Who did I hear say the following: “Pud me dine, Goh dim eet. Pud me dine”?
A) Mary Chapin Carpenter
B) Hunter Hayes
C) Michu, The World’s Smallest Man
Don’t Bother Me
DURING A LIVE TV show from the Tennessee State Fair, I did one of the most bizarre interviews in the world. Our guests were the geeks. My producer thought it would be “good TV” to welcome the sideshow people working for the traveling carnival. We had a guy who could pop his eyes out of his head. I just remember thinking how he probably used a gallon of Visine. He actually sort of focused and then protruded his eyeballs ’til he looked like me the first time I saw Sara Evans changing clothes backstage. (That’s another story I may never tell.)
We also had Miss Nude Teenage America—a title to make any parent proud. I did the entire conversation with her while her “manager” held her by her bra from the back so she wouldn’t bolt from the set. I felt sorry for her, and when she asked in a panic, “Can my mom see this in Jackson?” I knew we were in trouble. I hope the “manager” is in a small room somewhere with bars on the door.
Our first guest was Michu, “The World’s Smallest Man.” I’m talking small—Sleepy and Bashful small. When Michu puffed up, he was two feet, nine inches tall. You may have seen him portraying ALF on the network show of the same name. My cohost was a lovely but slightly daffy girl named Valerie Lindell. She was fabulous because she had no filter. Valerie rolled with whatever goofy thing I had to say and asked questions of guests I wouldn’t have touched with a ten-foot pole . . . or one the length of Michu, for that matter.
We were instruct
ed rather harshly by Michu’s manager/handler/gofer. In the thick Hungarian accent of Michu’s homeland, the lady told us how to talk to Michu. “He is a full-grown man. Do not treat him like he’s a child. Do not speak down to him [which was almost impossible, I pointed out]. And above all, do not touch him.” Got it: man, grown, and untouchable. I was cool with that.
Now we’re on live TV. We welcomed Michu, “The World’s Smallest Man,” to Nashville, Tennessee. Michu scrambled like an elf toward a waiting and very low chair, whereupon Valerie proceeded to pick him up and said, “You are so cute. Who makes your little pants?” She then plopped the obviously enraged Michu on her lap. The director, in a panic, cut to me while Valerie began struggling to hold her cute, little, and extremely pissed-off prize. I sort of said to no one in particular, “Michu is a full-grown man and is from Hungary.” That’s when I heard his tiny, elfin voice going out over live television.
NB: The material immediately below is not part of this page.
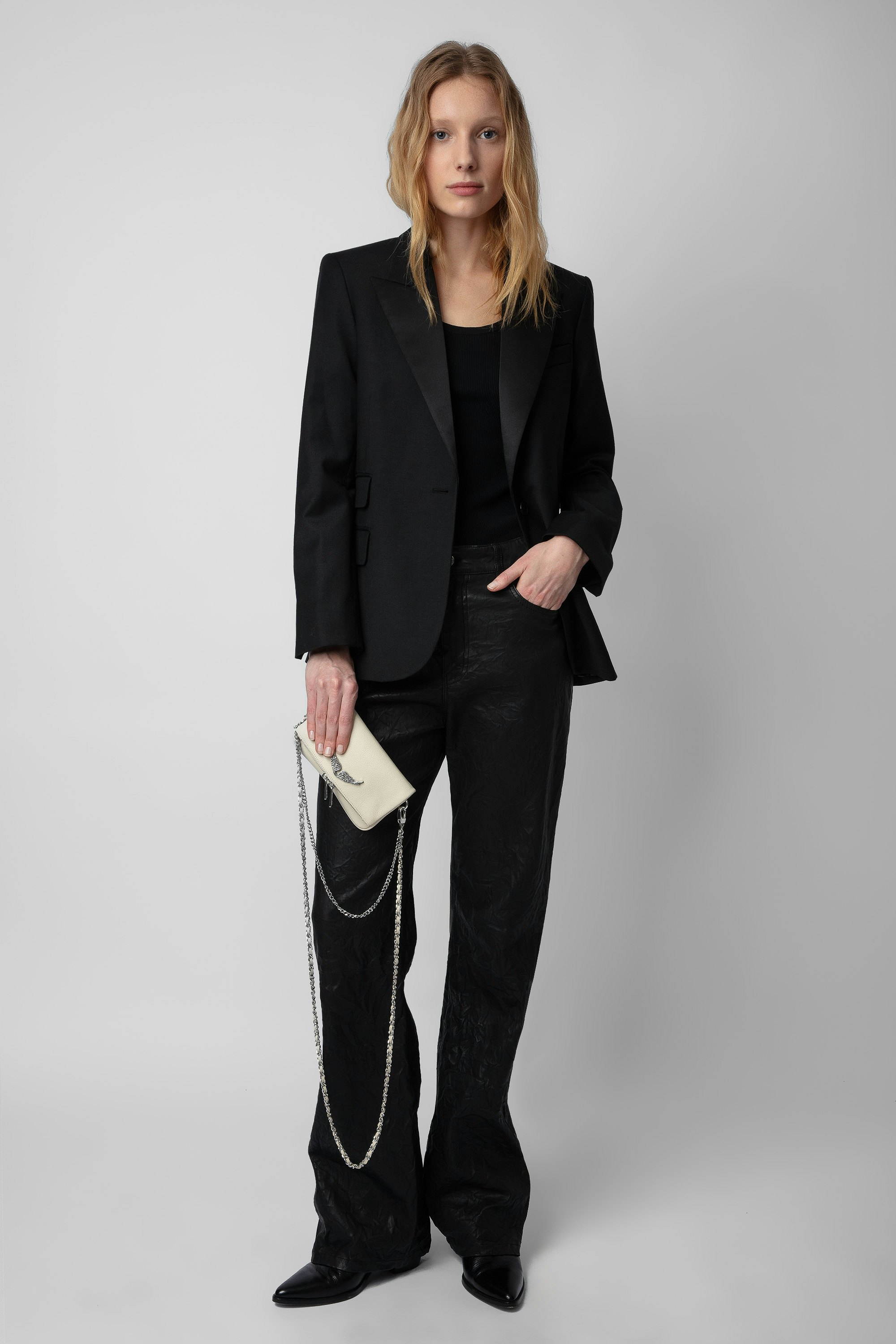 Pochette Rock Nano Swing Your Wings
“Pud me dine. Goh dim eet. Pud me dine. Air vas your miners, beetch lady! Pud me dine!”
Slowly, Valerie and I began to realize what he, in near-Hungarian, was actually saying: “Put me down. God damn it, lady! Put me down!” He was spitting mad. I started laughing at the scene.
Valerie slowly began to unravel his mysterious noises as a string of “cussin’ like a sailor” in his thick accent. She handled it well. Valerie leaned away from him and, with both hands, gave him a shove off her lap. OK, it was more how you would get rid of a wild monkey, which he kinda was. Poor Michu was propelled through the air like a sack of small potatoes and landed six feet away.
And for the finale, an elephant from the carnival had recently left quite a pile of pachyderm “exhaust.” Teensy Michu was not only insulted, he was also flailing around on live television, in his little silk pants, in elephant shit. He actually handled it better than I would have. If you need someone who can show class flailing in elephant shit, Michu is your man.